The background and interpretation is however significantly more complicated. It is a fairly complex web of jealousies, political rivalries, perhaps some national antagonism, and probably positioning between track and road interests.

Salzwedel held two positions. The honorary National Road Coach title at the behest of the Australian Cycling Federation (now called Cycling Australia the administrative body) and the Head Road Coach with the Australian Institute of Sport (a body funded by the Australian Government and concerned with developing and coaching).

The official press release makes it clear that it is the first position he has lost and the second is subject to a contract with 3 years to run. This contract has not been cancelled.

One of the rumours is that the Head Coach of the Track Program, Charlie Walsh is keen to be the overall cycling coach for Australia. A press report this morning from AAP says that Charlie denies any motivation in that regard.

Informed sources have told me that there has been pressure on the ACF to get rid of Heiko long before any hint that the costs for the road team were over budget. The AIS has suspended the road program in October (which saw the Giant-AIS team abandoned and several Australian road riders scrapped and out of work) on the pretext that the budget had blown out. But the animosity and bad grace towards Heiko was well known in cycling long before this.

When the road program that Salzwedel had developed, with little help from sponsors in Australia and perhaps officials, was threatened, he sought new sponsors at least save part of the team he had spent so much time putting together. He secured a deal with the American car manufacturer, Saturn to take on some of his team.

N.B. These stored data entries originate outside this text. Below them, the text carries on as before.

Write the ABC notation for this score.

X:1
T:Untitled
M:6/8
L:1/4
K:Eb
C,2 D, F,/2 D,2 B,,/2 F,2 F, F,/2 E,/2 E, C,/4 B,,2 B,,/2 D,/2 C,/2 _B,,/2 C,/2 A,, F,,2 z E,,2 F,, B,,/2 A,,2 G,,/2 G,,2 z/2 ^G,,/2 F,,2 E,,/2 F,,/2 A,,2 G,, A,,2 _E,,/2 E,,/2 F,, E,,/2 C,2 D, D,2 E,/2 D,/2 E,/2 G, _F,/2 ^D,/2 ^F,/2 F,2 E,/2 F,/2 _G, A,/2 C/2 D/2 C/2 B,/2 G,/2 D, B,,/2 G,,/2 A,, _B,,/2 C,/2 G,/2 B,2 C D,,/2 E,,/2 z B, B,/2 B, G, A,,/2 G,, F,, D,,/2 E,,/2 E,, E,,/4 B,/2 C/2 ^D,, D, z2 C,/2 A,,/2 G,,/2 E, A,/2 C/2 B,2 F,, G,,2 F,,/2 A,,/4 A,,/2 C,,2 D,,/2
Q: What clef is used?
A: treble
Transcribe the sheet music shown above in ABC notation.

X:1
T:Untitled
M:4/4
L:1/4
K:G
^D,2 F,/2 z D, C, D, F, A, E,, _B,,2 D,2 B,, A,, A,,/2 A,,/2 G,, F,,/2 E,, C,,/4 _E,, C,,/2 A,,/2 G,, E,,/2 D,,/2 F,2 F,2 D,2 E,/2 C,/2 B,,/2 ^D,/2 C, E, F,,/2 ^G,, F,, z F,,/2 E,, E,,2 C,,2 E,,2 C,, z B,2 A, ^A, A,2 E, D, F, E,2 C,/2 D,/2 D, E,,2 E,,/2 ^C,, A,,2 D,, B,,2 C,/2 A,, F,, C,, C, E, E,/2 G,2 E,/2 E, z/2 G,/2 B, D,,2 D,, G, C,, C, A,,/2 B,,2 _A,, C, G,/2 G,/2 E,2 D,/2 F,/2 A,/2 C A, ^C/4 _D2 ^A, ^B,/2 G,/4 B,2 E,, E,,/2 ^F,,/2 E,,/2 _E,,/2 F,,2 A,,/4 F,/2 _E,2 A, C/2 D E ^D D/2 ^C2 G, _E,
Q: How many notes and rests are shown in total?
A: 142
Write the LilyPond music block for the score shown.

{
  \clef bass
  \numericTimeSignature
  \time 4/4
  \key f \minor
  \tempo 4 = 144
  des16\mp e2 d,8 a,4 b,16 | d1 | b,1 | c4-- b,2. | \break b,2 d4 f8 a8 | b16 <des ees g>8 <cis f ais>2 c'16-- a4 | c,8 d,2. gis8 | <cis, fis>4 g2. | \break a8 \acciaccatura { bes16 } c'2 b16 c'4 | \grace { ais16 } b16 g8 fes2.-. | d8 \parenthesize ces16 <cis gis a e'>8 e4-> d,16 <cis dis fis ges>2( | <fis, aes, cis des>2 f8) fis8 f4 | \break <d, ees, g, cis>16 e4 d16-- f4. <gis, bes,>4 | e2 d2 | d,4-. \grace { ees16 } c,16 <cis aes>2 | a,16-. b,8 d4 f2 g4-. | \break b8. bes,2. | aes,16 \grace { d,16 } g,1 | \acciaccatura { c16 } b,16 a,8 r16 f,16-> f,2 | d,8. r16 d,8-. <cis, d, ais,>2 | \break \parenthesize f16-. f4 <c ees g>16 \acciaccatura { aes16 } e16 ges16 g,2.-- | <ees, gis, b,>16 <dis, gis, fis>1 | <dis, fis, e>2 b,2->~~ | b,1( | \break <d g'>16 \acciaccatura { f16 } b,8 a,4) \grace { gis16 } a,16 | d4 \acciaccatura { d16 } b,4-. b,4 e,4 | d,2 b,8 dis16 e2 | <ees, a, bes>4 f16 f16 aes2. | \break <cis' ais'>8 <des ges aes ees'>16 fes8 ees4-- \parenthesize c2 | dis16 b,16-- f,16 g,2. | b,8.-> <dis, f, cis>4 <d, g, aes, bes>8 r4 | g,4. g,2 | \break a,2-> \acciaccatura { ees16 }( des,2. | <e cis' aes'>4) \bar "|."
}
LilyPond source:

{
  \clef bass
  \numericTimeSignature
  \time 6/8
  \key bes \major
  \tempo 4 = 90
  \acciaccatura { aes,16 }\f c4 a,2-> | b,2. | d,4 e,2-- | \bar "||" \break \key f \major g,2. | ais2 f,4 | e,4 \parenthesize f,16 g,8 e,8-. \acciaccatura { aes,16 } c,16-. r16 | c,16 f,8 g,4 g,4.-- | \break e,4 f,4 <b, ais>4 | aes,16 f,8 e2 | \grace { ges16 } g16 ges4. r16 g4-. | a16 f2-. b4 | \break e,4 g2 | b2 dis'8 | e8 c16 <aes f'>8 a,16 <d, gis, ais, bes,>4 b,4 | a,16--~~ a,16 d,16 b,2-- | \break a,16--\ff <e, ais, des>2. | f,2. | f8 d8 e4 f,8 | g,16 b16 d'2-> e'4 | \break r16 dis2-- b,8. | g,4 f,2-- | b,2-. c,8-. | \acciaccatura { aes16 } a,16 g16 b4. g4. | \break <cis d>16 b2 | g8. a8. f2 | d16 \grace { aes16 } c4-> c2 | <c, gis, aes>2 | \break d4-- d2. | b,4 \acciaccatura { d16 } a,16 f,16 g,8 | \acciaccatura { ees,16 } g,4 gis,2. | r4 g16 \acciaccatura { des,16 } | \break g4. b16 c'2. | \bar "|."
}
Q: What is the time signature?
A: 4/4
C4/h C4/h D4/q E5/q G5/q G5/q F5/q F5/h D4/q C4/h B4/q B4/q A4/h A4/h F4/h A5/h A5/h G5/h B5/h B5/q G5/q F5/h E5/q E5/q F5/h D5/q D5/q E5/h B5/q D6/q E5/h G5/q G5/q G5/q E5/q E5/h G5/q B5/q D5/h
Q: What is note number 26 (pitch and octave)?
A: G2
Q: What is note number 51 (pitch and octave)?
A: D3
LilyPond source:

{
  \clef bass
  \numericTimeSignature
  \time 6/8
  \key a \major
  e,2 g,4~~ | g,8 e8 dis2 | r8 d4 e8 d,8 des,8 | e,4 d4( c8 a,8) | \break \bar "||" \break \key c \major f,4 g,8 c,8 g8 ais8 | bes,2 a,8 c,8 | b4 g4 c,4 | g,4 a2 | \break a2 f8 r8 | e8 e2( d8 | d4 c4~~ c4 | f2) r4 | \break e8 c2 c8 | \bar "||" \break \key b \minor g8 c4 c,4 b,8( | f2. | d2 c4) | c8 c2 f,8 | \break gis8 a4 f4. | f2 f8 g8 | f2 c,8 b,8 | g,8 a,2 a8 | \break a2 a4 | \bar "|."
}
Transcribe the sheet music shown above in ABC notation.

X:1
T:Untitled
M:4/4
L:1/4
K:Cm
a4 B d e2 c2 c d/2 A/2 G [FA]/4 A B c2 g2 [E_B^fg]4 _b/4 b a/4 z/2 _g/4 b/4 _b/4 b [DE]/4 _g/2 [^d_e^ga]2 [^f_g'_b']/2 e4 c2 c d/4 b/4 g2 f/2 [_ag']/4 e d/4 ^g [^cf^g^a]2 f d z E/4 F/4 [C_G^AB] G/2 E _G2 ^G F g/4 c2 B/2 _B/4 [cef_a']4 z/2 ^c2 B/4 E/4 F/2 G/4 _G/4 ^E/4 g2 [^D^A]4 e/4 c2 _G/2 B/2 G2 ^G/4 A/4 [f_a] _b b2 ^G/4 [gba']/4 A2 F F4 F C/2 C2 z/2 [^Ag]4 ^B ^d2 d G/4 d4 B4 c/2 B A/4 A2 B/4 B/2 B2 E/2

But then the ACF/AIS delayed making any official decisions for some weeks. Finally, they decided on a modified arrangement which cost at least 2 riders their jobs, in comparison to the arrangement that Heiko had tentatively negotiated.

The other agenda appears to be rivalries among the coaches. An official reason given is that Salzwedel did not have the support of other coaches in Australia and that he would not communicate with them. Salzwedel denies this of-course. Other sources also debunk the claims.

Bannan's take-over of the position has been seen by several road riders that I have spoken to tonight as the "inevitable takeover by the track interests of road racing". Shayne Bannan was the ex endurance coach in the track program.

Salzwedel is reported to be livid but for the record says he "will work within the structure set" (unofficial source rather than direct quote).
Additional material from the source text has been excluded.